Babies damaged by poor heart rate monitoring in labour – study
Experts found that most NHS trusts failed to offer parents an apology, and under-estimated how often their poor care had led to harm.
The failure of midwives to adequately monitor foetal heart rates during labour is a major factor in why babies suffer brain damage in cases of poor care, a report says.
The new study, from NHS Resolution, found that a delay in delivering babies showing signs of distress was another key reason why infants ended up with avoidable brain damage.
Furthermore, experts found that many NHS trusts failed to offer parents an apology when things went wrong, and under-estimated how often their poor care had led to harm.
The NHS Resolution early notification scheme has been designed to provide swift answers for families while cutting the huge NHS compensation bill.
It involves hospitals alerting NHS Resolution where there is a potential legal claim for a child injured during birth.
Experts from NHS Resolution then assess the cases and, where necessary, make an early admission of liability and give families prompt financial and emotional support.
The new study included 197 cases where NHS Resolution panel solicitors were instructed to investigate liability, with 96 cases examined in depth.
Issues with foetal monitoring was a leading contributory factor in 70% of the 96 cases.
In 60 cases (63%) there were avoidable delays in delivering the baby, with around a third of mothers waiting over an hour despite problems being detected.
Overall, the most common contributing factor in causing a delay was staff failing to escalate the problem, or a delay in acting upon abnormal foetal heart rates.
In 9% of the 96 cases, there was a difficulty delivering the baby’s head or the baby suffered an impacted head during a Caesarean section.
Experts also looked at the involvement of families in 92 of the cases.
In the rare but devastating cases of brain injury in newborns, we’re determined to continually improve how we support affected families and ensure the NHS can learn immediate lessons to avoid future harm.
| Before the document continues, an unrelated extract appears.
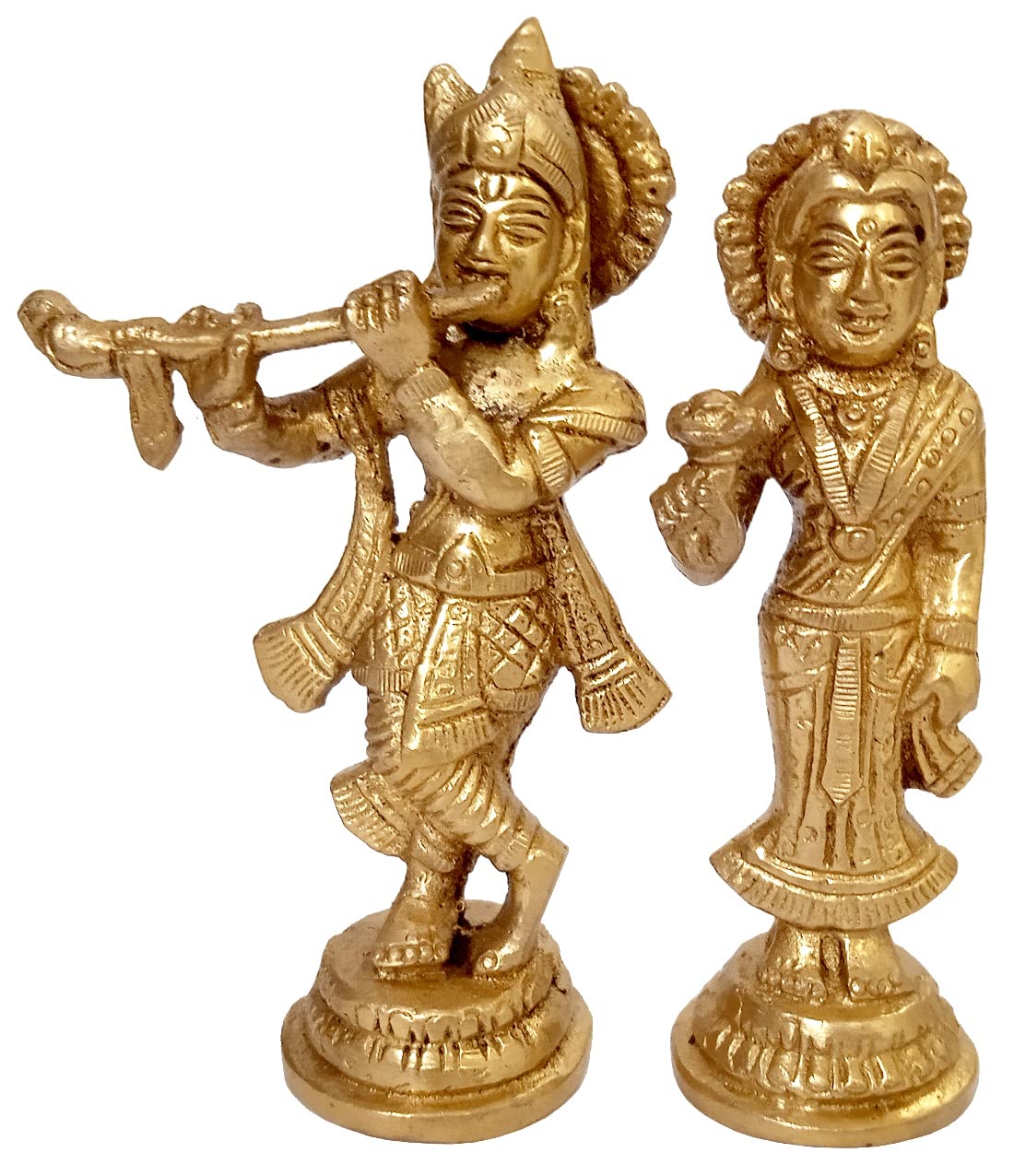 Purpledip Brass Idol Set Radha Krishna: Collectible Statue For Home Temple (12407A)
Nadine Dorries
In 77% of cases, families were notified by the trust that an incident had occurred, but only 35% were recorded as having been offered an apology – something the experts described as “concerning”.
Only 30% of families were invited to be actively involved in an investigation, while 43% of families were informed of NHS Resolution involvement in their case.
Some 125 cases were initially assessed by NHS hospitals to be “unlikely” to be associated with sub-standard care.
However, these were reviewed by an internal NHS Resolution team, with 56 cases (45%) then revised upwards to “possible” or “likely” to have involved sub-standard care by NHS teams.
Before the early notification scheme was set up, the average length of time between an incident occurring and an award for compensation being made was 11.5 years.
But, NHS Resolution said, in 24 cases in the report, early admissions of liability (within 18 months) were made and support was provided to families.
Health minister for maternity and patient safety, Nadine Dorries, said: “In the rare but devastating cases of brain injury in newborns, we’re determined to continually improve how we support affected families and ensure the NHS can learn immediate lessons to avoid future harm.
“The early notification scheme is helping parents when they need it most, ensuring they get the explanation and apology they deserve and access to fair representation and financial support sooner.”
Helen Vernon, chief executive at NHS Resolution, said: “Avoidable brain injury at birth, whilst rare, carries a cost to the NHS of billions of pounds in compensation payments and has lasting consequences for families, and the NHS staff involved.
“We owe it to them to learn from these cases to prevent the same things happening again and to provide support, right at the start when it can make a difference.
“This new approach is already delivering answers to families and recommendations for improvement to the NHS, cutting years out of the process and removing the prospect of litigation as a barrier to candour.”
Professor Lesley Regan, president of the Royal College of Obstetricians and Gynaecologists, said: “Every incident of avoidable harm is a tragedy for the family and distressing for the maternity staff involved.
“Alongside the need to provide families with prompt interventions and more post-incident support for staff, this report highlights the urgent need to develop more clinical interventions to prevent these incidents from happening in the first place.”
Gill Walton, chief executive of the Royal College of Midwives (RCM), said: “Every incident of avoidable harm leaves families devastated and affects midwives and maternity staff.
“Included in the report are recommendations around how women and their families are treated when things go wrong and also how staff can be supported, which is something the RCM really welcomes.
“For the vast majority of women and their babies, the UK is a safe place to give birth. However, despite the fall in stillbirth and neonatal mortality, avoidable incidents do happen.
“We want women and their babies to receive the safest possible maternity care so it’s vital we enable learning for improvements to safety and to reduce avoidable deaths.”